**Task directions**
For this exercise, return only the lines in the records below from the one holding "property at 922 Poplar Ave" through the one holding "3TMCZ5AN8HM070607 2017 TOYOTA TACOMA-2", including both, exactly as they appear and without pictures.

**Extracted entries**

* * *

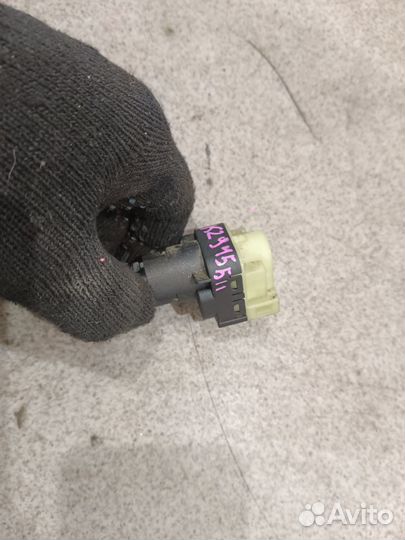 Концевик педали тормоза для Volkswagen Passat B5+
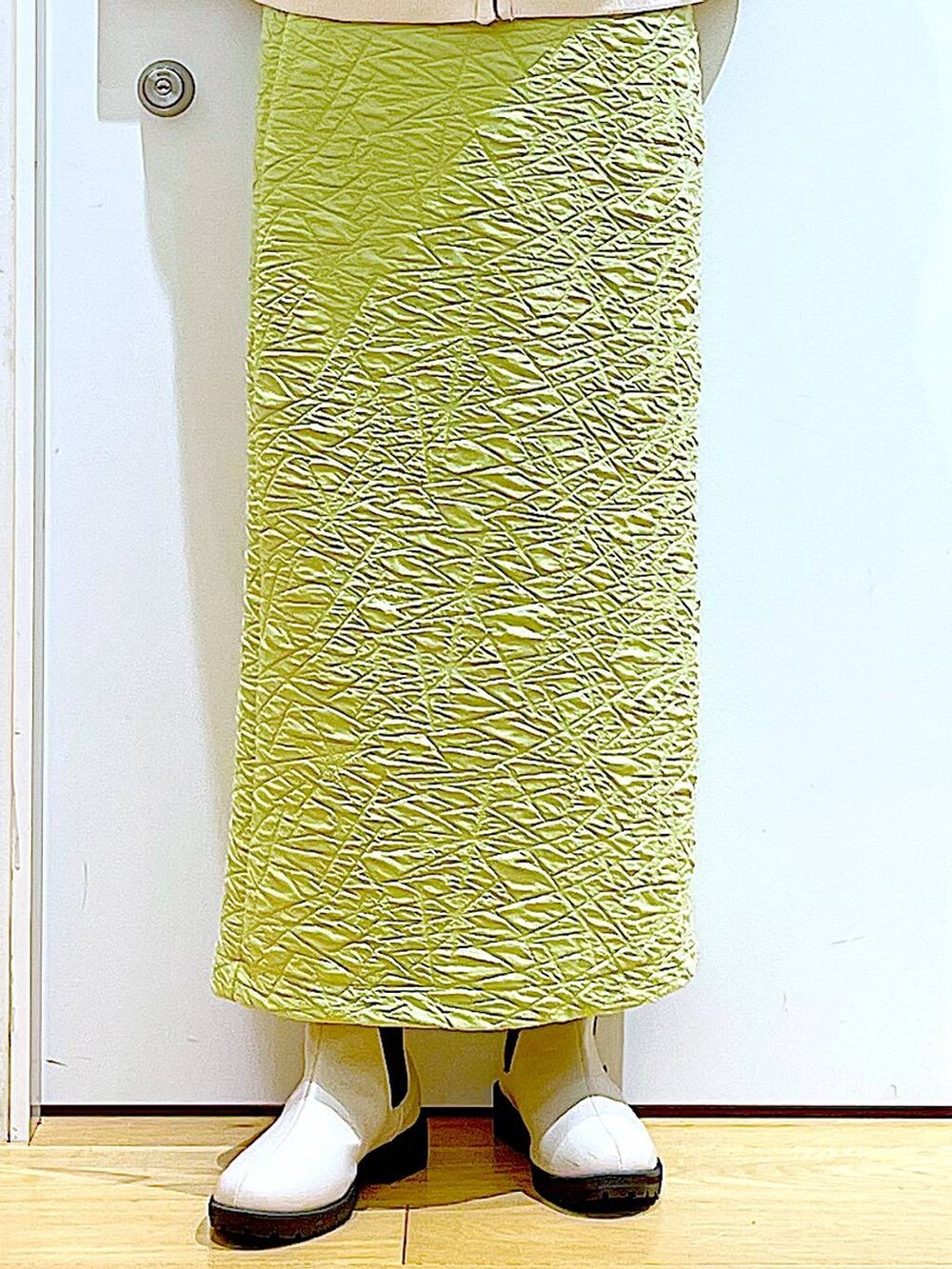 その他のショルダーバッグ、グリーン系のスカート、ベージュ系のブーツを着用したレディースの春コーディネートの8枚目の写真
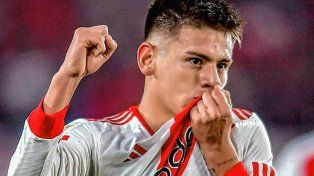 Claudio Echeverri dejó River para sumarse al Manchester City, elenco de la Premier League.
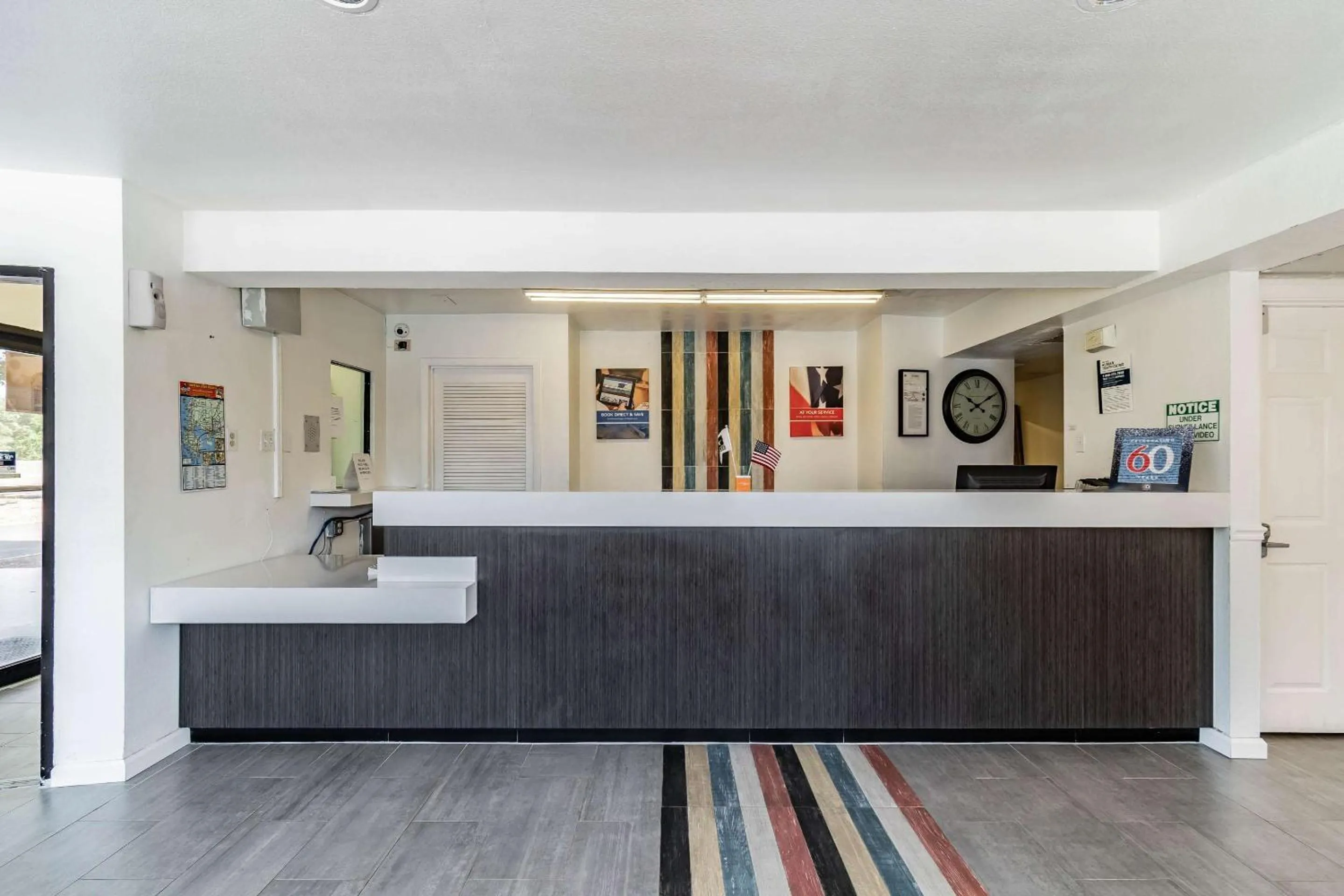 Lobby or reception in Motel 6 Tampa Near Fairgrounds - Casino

* * *

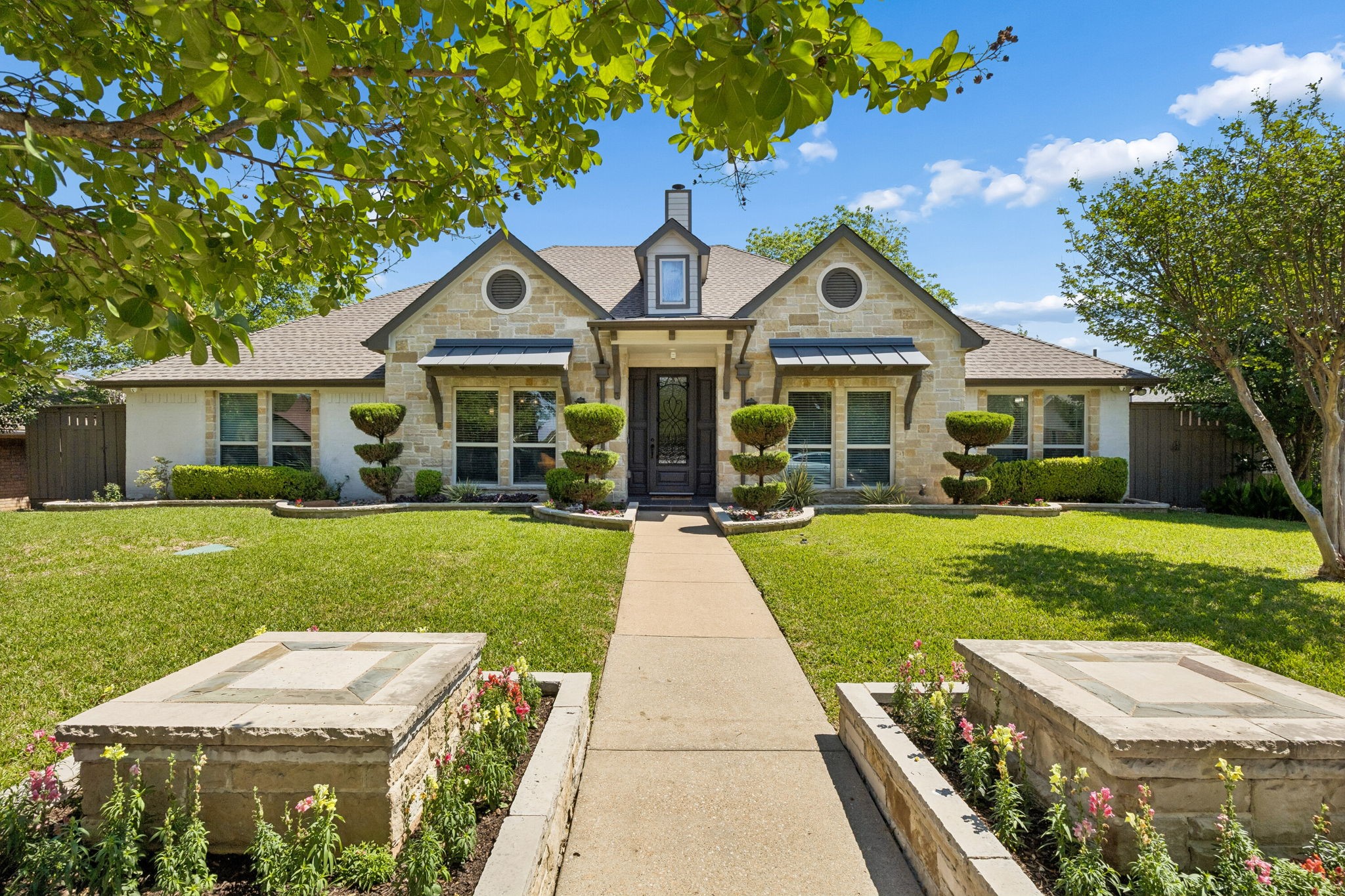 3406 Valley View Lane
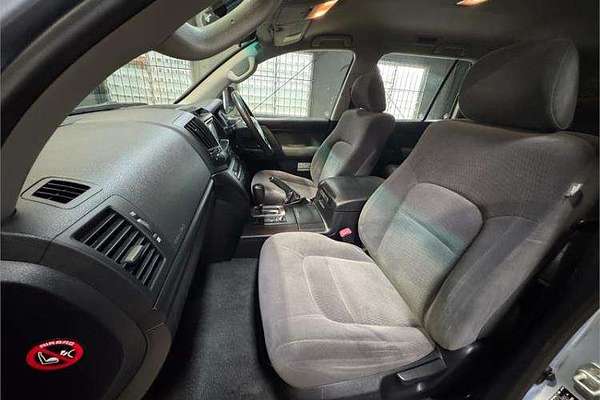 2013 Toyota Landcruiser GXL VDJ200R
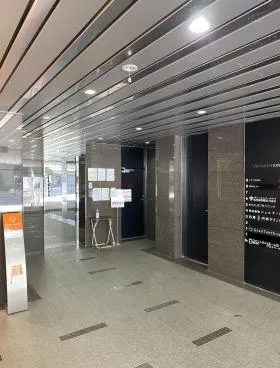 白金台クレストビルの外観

* * *

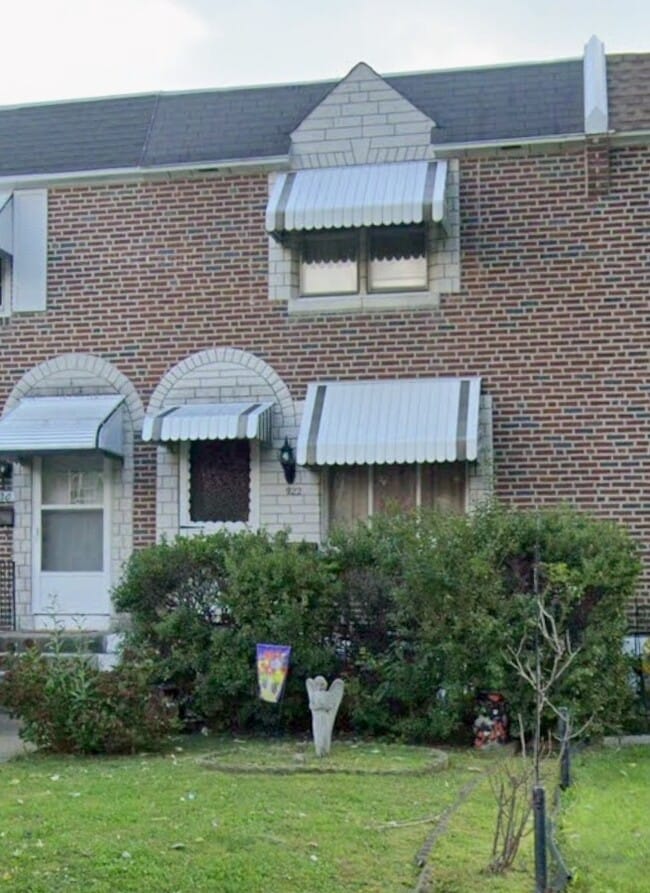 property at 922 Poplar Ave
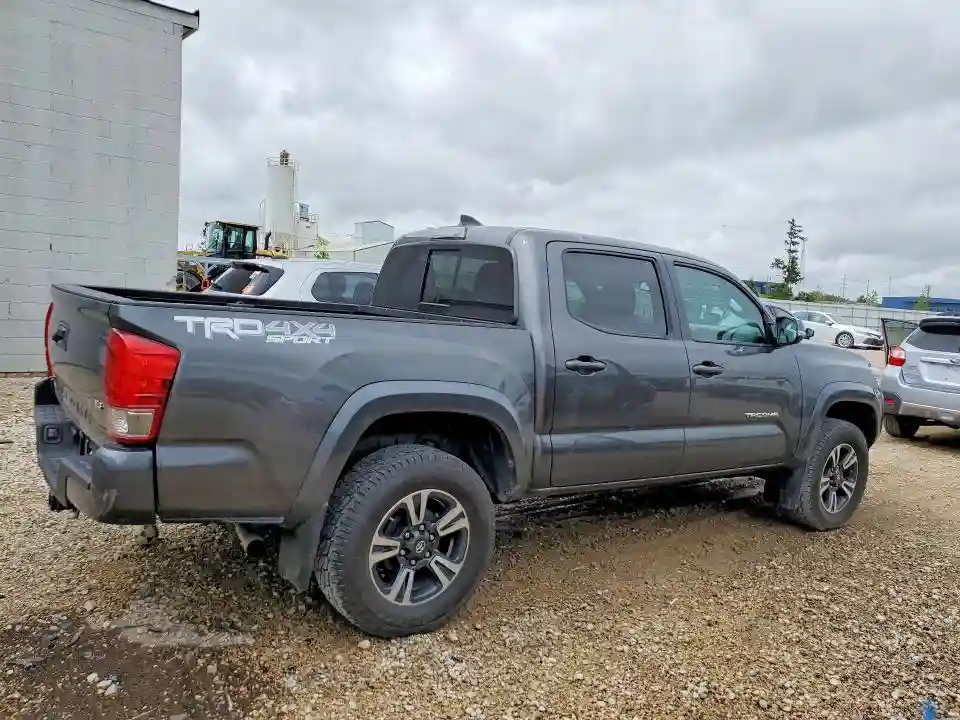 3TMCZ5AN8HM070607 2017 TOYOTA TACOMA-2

* * *

**Expected answer**
 property at 922 Poplar Ave
 3TMCZ5AN8HM070607 2017 TOYOTA TACOMA-2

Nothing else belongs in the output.